Delays compromise diagnostic accuracy and limit therapeutic options. Health‑care providers should assess bite history, symptom onset, and geographic exposure within 48 hours to decide on appropriate prophylaxis or targeted therapy.
Shared Decision-Making Process
When a tick bite raises the question of whether to give immunoglobulin, clinicians and patients must exchange information, weigh alternatives, and reach a joint conclusion. The process begins with a clear presentation of the clinical context: identification of the tick species, duration of attachment, and known prevalence of tick‑borne pathogens in the region. Evidence on the efficacy and safety of immunoglobulin is summarized, including absolute risk reduction, potential adverse reactions, and cost considerations. The clinician then elicits the patient’s values—tolerance for uncertainty, preference for preventive treatment, and concerns about side effects.
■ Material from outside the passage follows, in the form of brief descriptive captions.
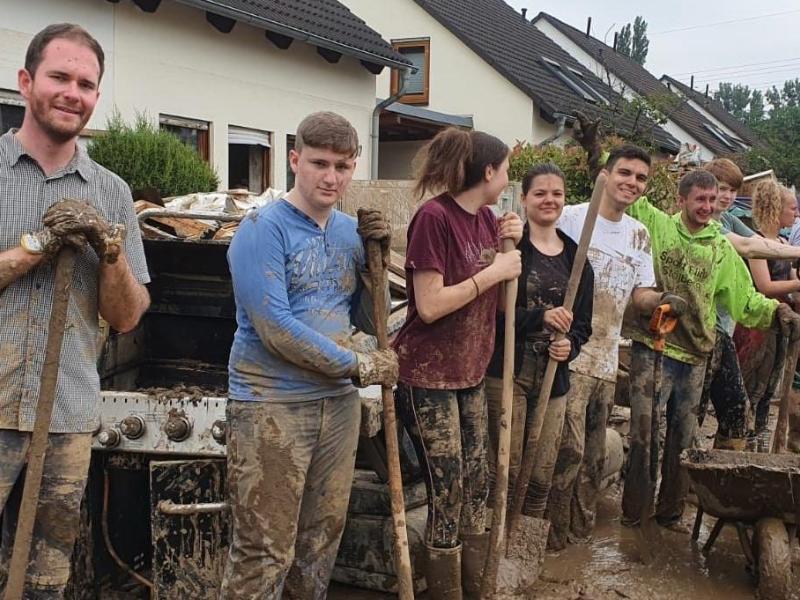 Das Foto wurde im Ahrtal aufgenommen zeigt eine verschlammte Straße, im Hintergrund Ein-Familien-Häuser, rechts am Bildrand ein Radlader. Im Mittelpunkt etwa ein Dutzend Menschen, die in einer Reihe nebeneinanderstehen. Alle haben Schaufeln in der Hand, sind schlammverdreckt, wirken erschöpft, lächeln aber; es handelt sich wohl um freiwillige Helfer.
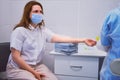 Woman patient in hospital waiting for injection with coronavirus vaccine. Doctor giving an injection to a woman for a vaccine for Royalty Free Stock Photo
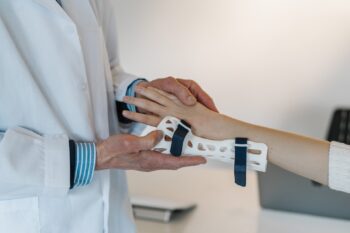 Doctor fastening a wrist brace onto a patients arm.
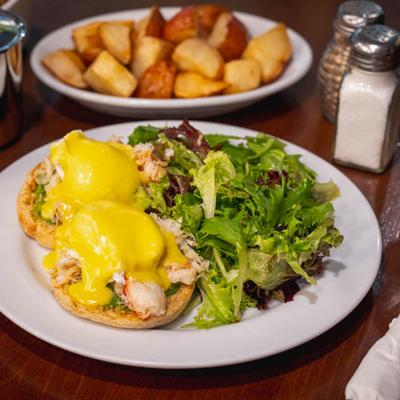Dungeness Crab Benedicts with mixed greens and a side of roasted potatoes.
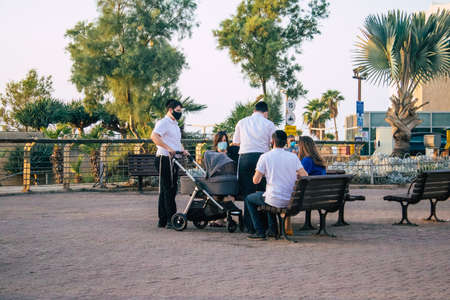 Tel Aviv Israel October 27, 2020 View of unidentified Israeli people sitting in the streets of Tel Aviv during lockdown and Coronavirus outbreak to enforce containment of the population in Israelのeditorial素材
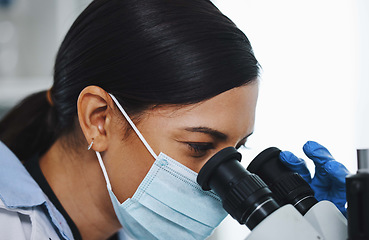 Image showing Science, laboratory and woman with microscope for research, medical analysis and lab test. Healthcare, biotechnology and female scientist with equipment for sample, experiment and exam for virus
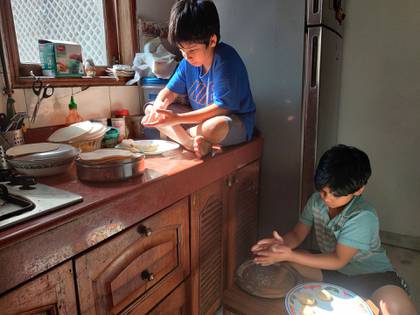 Uddhav Pratap, de 8 años (izquierda), y Advait Vallabh, de 9, ayudan en la cocina durante la cuarentena por el coronavirus. Estos hermanos creen que el encierro debería continuar durante un año. “No deberían reabrir hasta que queden cero casos”, dice el más pequeño, Uddhav Pratap. (Anil Sanweria vía AP)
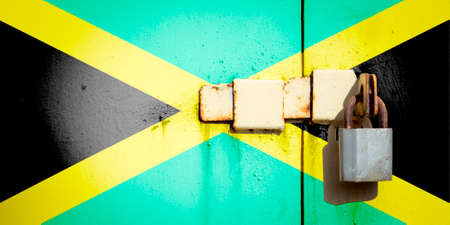 Jamaica flag is on texture. Template. Coronavirus pandemic. Countries may be closed. Locks.の写真素材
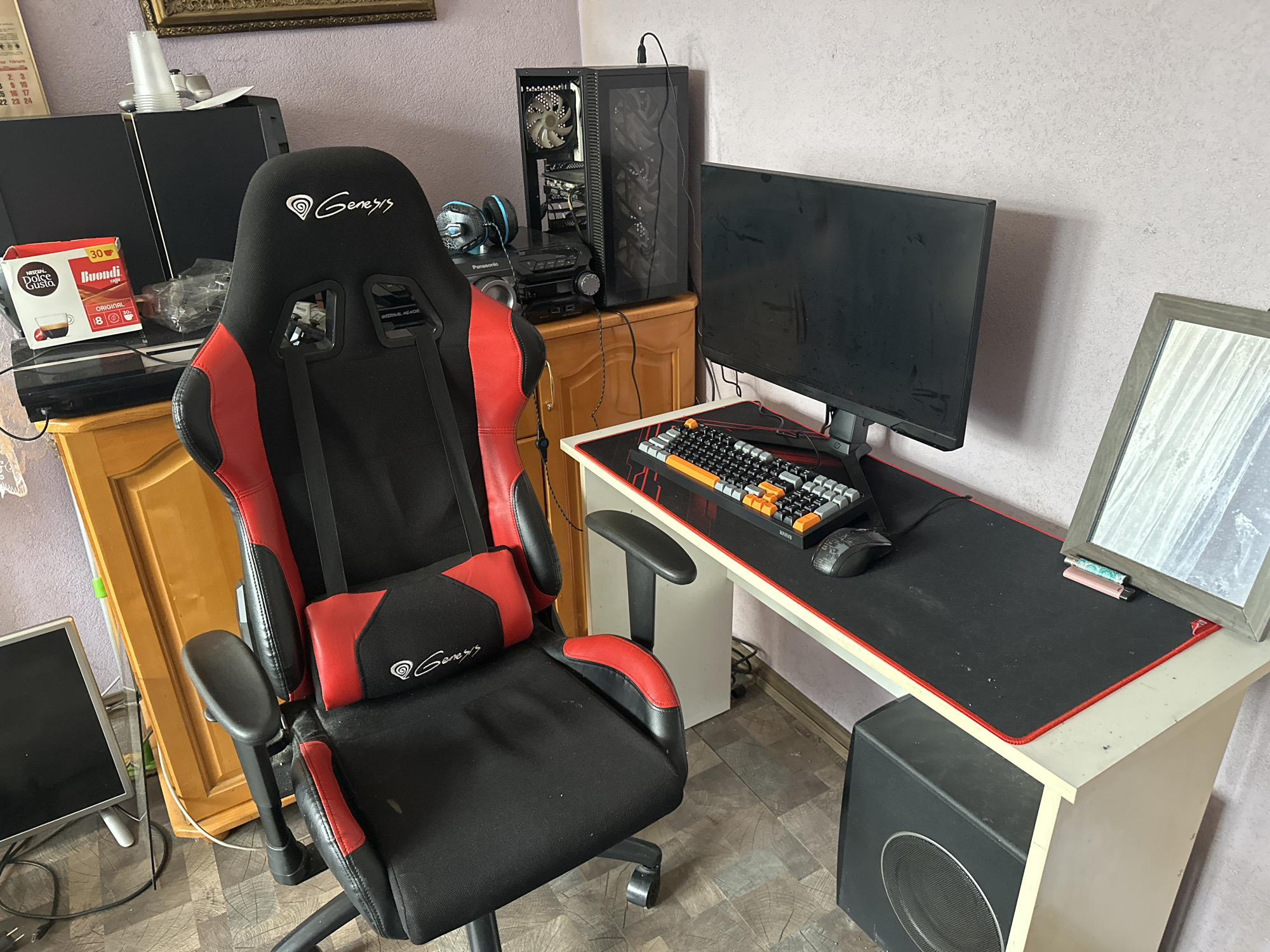 The image depicts a gaming setup in a room, likely a home office, in Cherven Breg, Bulgaria. The central focus is a black and red gaming chair, labeled with the "Genesis" logo. To the right of the chair, a desk holds a computer monitor, a keyboard with orange and grey keys, and a mouse. Behind the desk, a black computer tower is visible. On the left side of the image, a wooden cabinet contains various electronic devices, including what appears to be a game console and boxes of coffee pods. A framed mirror is positioned on the right side of the desk, reflecting part of the room. The room's walls have a textured, light purple-pink color. The flooring is a wood-patterned laminate. The overall scene is static, showing a pre-arranged setup without any visible activity.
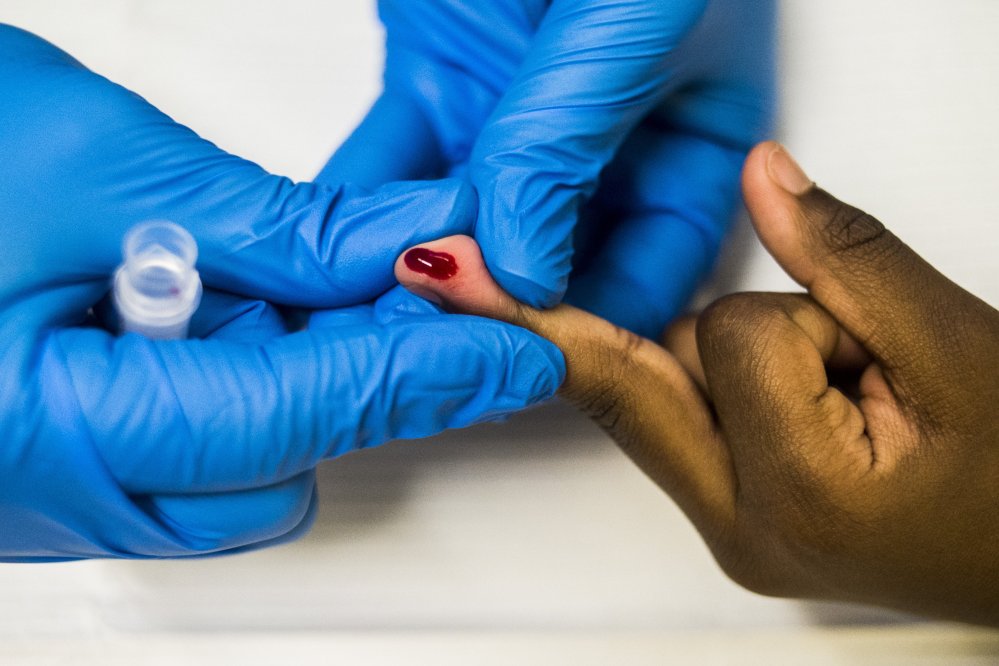 Kyaira Donald, 6, of Flint, gets her finger poked to test her blood for lead levels, while at Freeman Elementary School in Flint, Mich., Tuesday, Jan. 12, 2016. The Flint Community Schools, the Genesee County Health Department and Molina Healthcare held a family fun night at the school to get children ages 0 to 6-year-olds tested for lead levels in their blood. (Jake May/The Flint Journal-MLive.com via AP) MANDATORY CREDIT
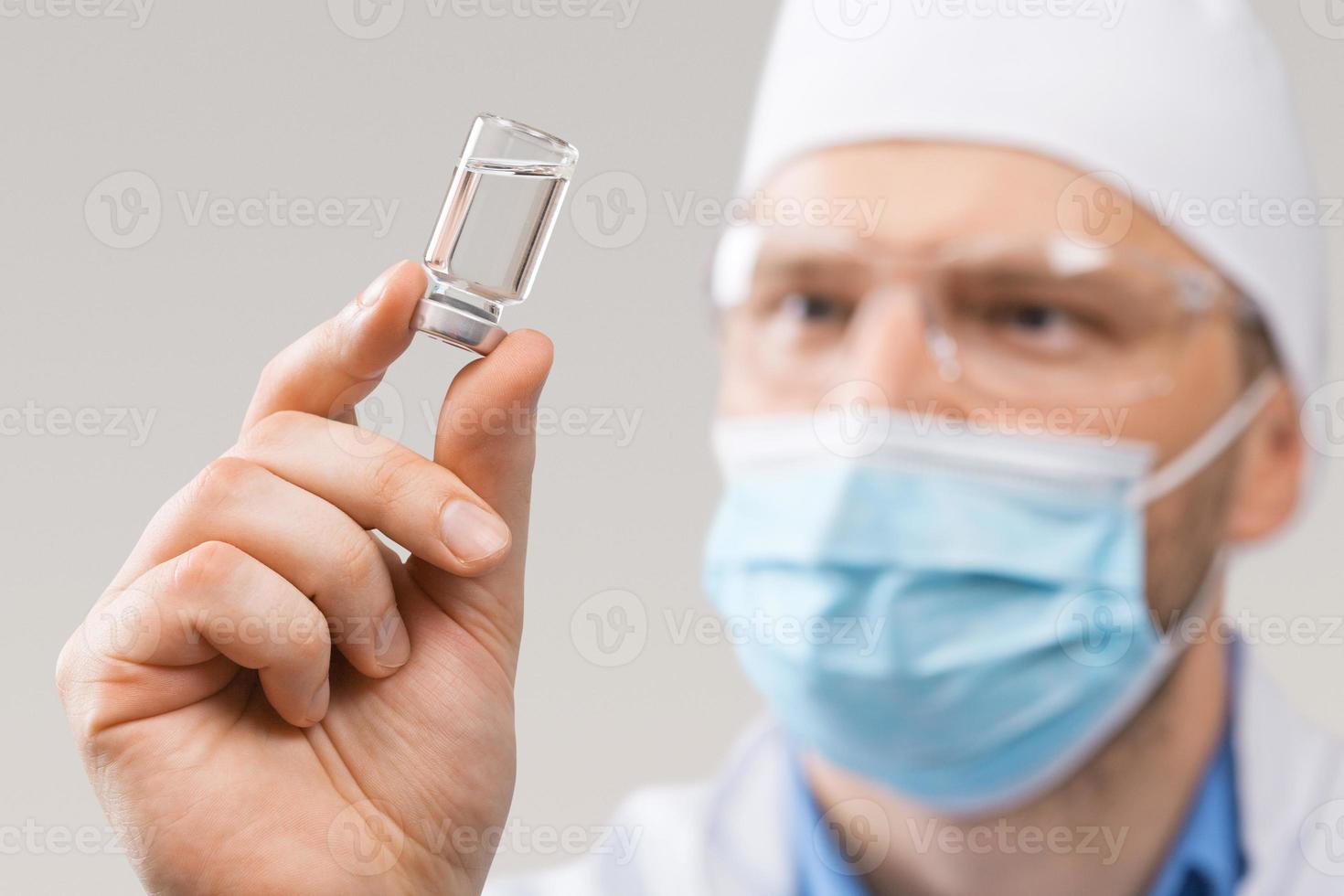 Doctor holding a viol with vaccine against corona virus. photo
Together they compare the likelihood of infection without therapy against the probability of benefit from immunoglobulin, using absolute numbers rather than vague statements.
Key elements of the collaborative dialogue include:
- Presentation of up‑to‑date epidemiological data.
- Quantitative description of benefit (e.g., number needed to treat) and harm.
- Clarification of patient priorities and risk tolerance.
- Documentation of the agreed‑upon plan, with provisions for reassessment if new information emerges.
The final decision reflects a balance between clinical evidence and individual preference, ensuring that the chosen course aligns with both medical judgment and the patient’s informed consent.